This sauce is so easy to make and great on almost anything! Burgers, eggs, polenta, pizza, sandwiches . . . the possibilities go on. I first discovered piquillo peppers while visiting Spain a few years back. They are a small red sweet pepper grown throughout Northern Spain. The name means ‘little beak’ and refers to their small pointed shape. In Spain, they’re roasted over embers and deseeded and peeled by hand before being jarred and sold. I found them in various dishes, most often stuffed with things like meat, seafood, or cheeses. They have a pleasant, sweet, red pepper bite without being spicy.

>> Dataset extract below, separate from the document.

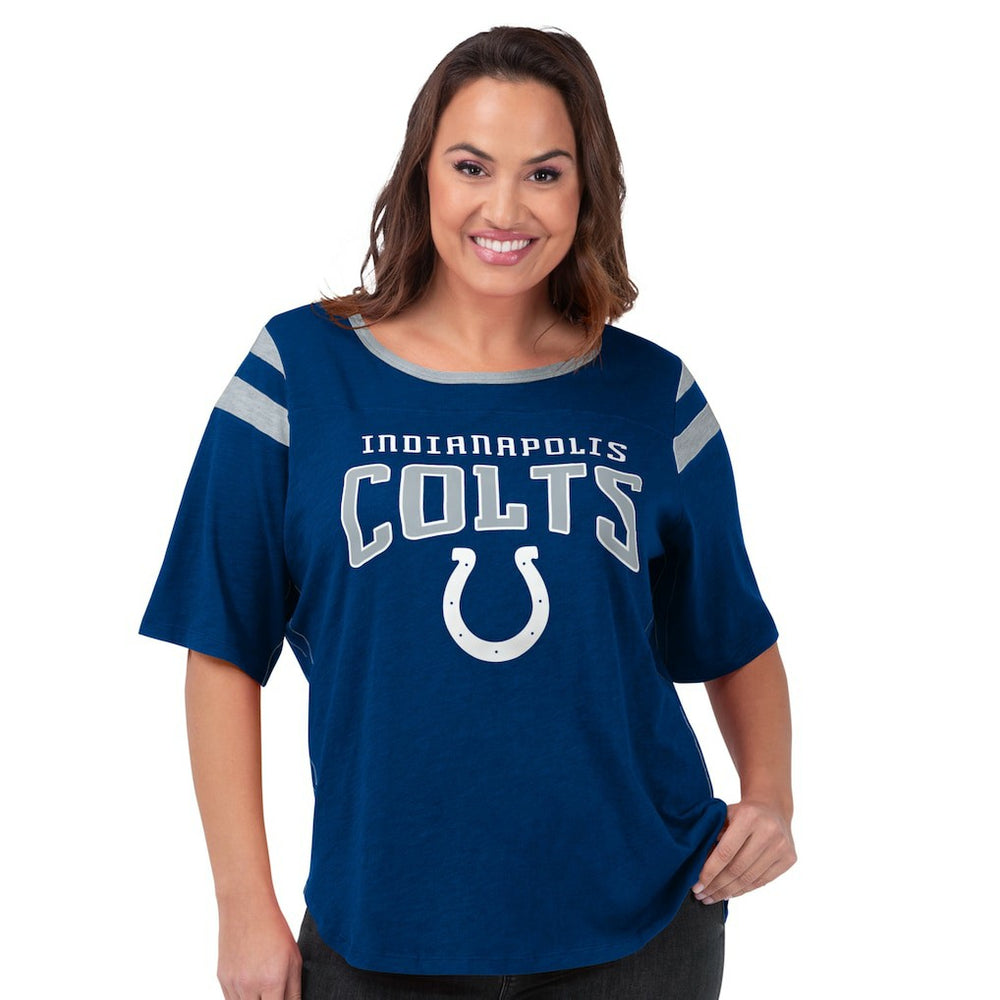 Indianapolis Colts G-III 4Her by Carl Banks Women's Plus Size Linebacker T-Shirt | NFL Hot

You can find them here imported from Spain and Italy jarred in water. Be sure to drain the water off before using them. If you can’t find jarred piquillos, feel free to use jarred roasted red bell peppers, or bell peppers that you roast, peel, and de-seed on your own.
Piquillo Pepper Sauce
- 1 cup roasted piquillo peppers (1 10-ounce jar in liquid)
- 1 clove garlic
- 1 small shallot
- 2.5 tablespoons extra virgin olive oil
- 3.5 tablespoons red wine vinegar
- 1/2 teaspoon salt
- food processor or blender
Drain the piquillo peppers, and rinse them briefly under water. Pat them dry. Peel and roughly chop the garlic and shallot. No need to be precise here – you’re just going to puree them.
Combine everything in a food processor and puree until smooth.
Serve immediately or keep refrigerated until ready to use.